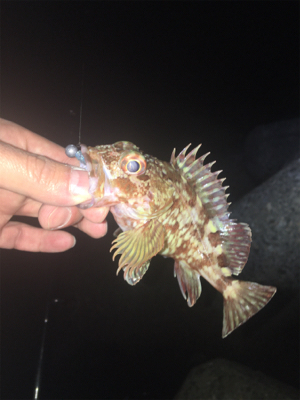 食後に少しだけ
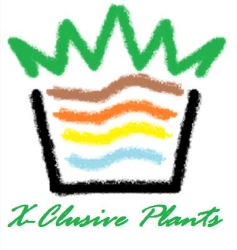 X-Clusive Plants, Nieuw-Vennep openingstijden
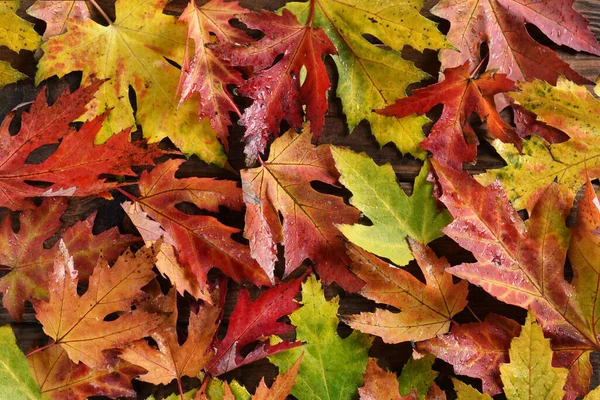 Herfst Achtergrond Met Kleurrijke Natte Esdoorn Bladeren Met Regendruppels Liggend — Stockfoto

• _WORK TASK_
In full and without changes, repeat the listing above, but not its pictures.

• _ANSWER TO THE EXERCISE_
 食後に少しだけ
 X-Clusive Plants, Nieuw-Vennep openingstijden
 Herfst Achtergrond Met Kleurrijke Natte Esdoorn Bladeren Met Regendruppels Liggend — Stockfoto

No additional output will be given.